日本のメディアはまったく触れていなかったが、朴槿恵の側でもこの合意に乗る事情があった。父の朴正煕大統領は戦時中は日本の植民地支配に協力した元軍人で、慰安婦制度の運用に携わった疑惑もある。慰安婦についての歴史学的検証が進むことはこの父・朴正煕の功罪という、政権の最大の強みと同時にアキレス腱に触れることになりかねなかったのだ。
それに日本側が常に逃げ場にしている戦後賠償に関する日韓協約も朴正煕が締結したものだ。本来なら元日本兵の韓国国民には権利がある恩給や、徴用工(強制労働)の未払い給金の踏み倒しを許す代わりに、多額の経済援助を得たことが、朴正煕が今でも評価される奇跡の経済成長の裏にはあった(日本で言われるほどその金の役割が大きかったわけではないが)。
朴槿恵にとってもこうした父の代の歴史的な責任の調査研究が進むよりは、なるべくうやむやかつ形式的に済まして、国民に向かっては日本からの1億を10億にまでつり上げ屈服させたと言えた方が、都合が良かったのだ。
これがそもそもアメリカが裏で動いて結ばせたものだからこそ、安倍政権では交渉中に、米国務省に「決着宣言」を出すように要請までしている。

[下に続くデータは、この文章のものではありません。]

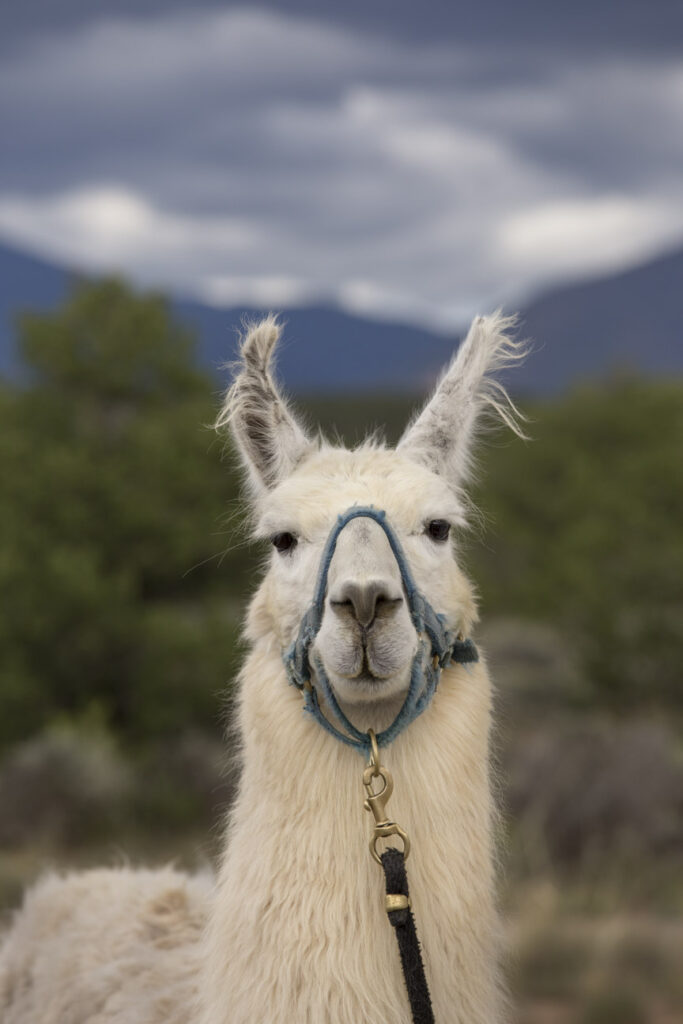 Llama treking, New Mexico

もちろん日韓関係は建前としてはあくまで二つの主権国家どうしのことで、第三国であるアメリカがみだりに口を出してはいけないので、国務省はこの要請をあっさり断っていた。合意の発表を受けて米国務省報道官や国連の潘基文事務総長(当時)が歓迎する声明を出したのも、双方の主権国家を尊重したリップサービスでしかない。
合意違反はむしろ日本側
客観的にはあまりに分かりやすい事実関係の推移を、しかし日本のメディアはまったく報じようとせず、ニュースやワイドショーに登場する「識者」たちも政権に気兼ねしてなにも言わなかった。
実際の慰安婦像についての合意は先述の通りの空約束、日本政府が気にしているようなので韓国政府も一応は配慮して、日韓関係の重要性と和解の精神で関係団体を説得してみる、というだけで、すでにその提案は慰安婦像を設置した団体に拒絶され、韓国政府の義務は履行されている。

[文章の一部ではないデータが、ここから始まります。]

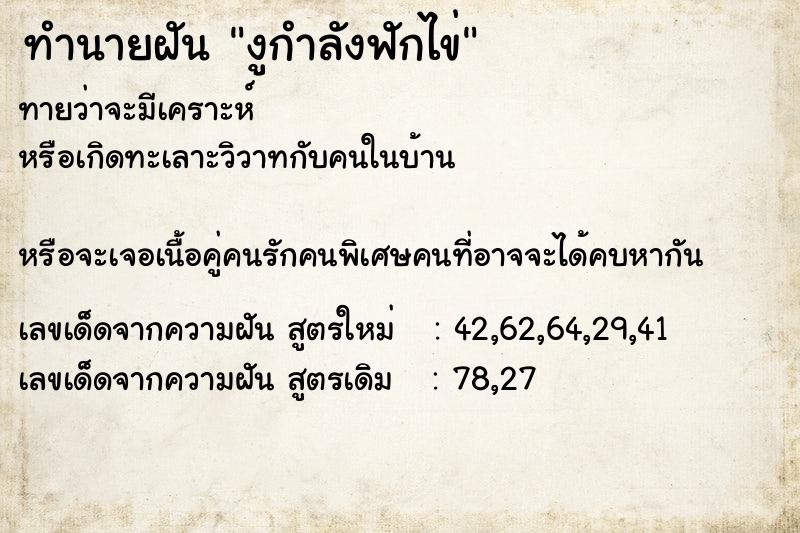 ทำนายฝันงูกำลังฟักไข่ ทำนายฝันทำนายฝันงูกำลังฟักไข่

それこそが「最終的な解決」だったはずなのに、大使と領事を帰国させ、経済協力関係を停止するという脅しで韓国政府を言いなりにさせようとする安倍外交にはなんの正当性もないどころか、むしろこちらの方こそが合意違反だ。日韓合意の第一は、日本政府が改めて慰安婦問題における自らの責任を確認し、反省と被害者に対する真摯なおわびを表明することだったはずで、それが安倍政権によって果たされているとは誰も思わないし、交渉の中で出て来た、安倍の名前で被害者におわびの手紙を出す、といった話も完全に立ち消えになっている。
自らが第一の合意項目を無視しておいて10億出したはずもなにもないし、そもそもこの合意は10億を出す代わりに慰安婦像を撤去するというものではなく、むろん韓国国内で慰安婦問題を論ずることを禁ずるような権限もない。
一方で「不可逆的」な合意で日本の責任が確認されている以上は、日本側には当然ながら、安倍内閣や政府与党、その支持層の一部から相変わらず「慰安婦は朝日の捏造」というようなまったく事実に反する捏造デマを放置しない義務は派生する。国家・政府に事実や真実がなにかを恣意的に決める権限はないが、国家間の約束でも確認された事実・史実に反する虚偽は糾すべきなのが、国家の道義的な責任のはずだ。
なにも取り締まれとか禁止とかそういう話ではなく、自らの政権内部にそのような主張をする閣僚がいれば更迭は免れられず、与党議員なら撤回しなければ離党勧告くらいはやらなければならないし、一般支持層に対しても、そうしたデマがまったくのデマであることを明言する責任くらいは、「合意の精神」からして安倍政権にはあるはずなのだが。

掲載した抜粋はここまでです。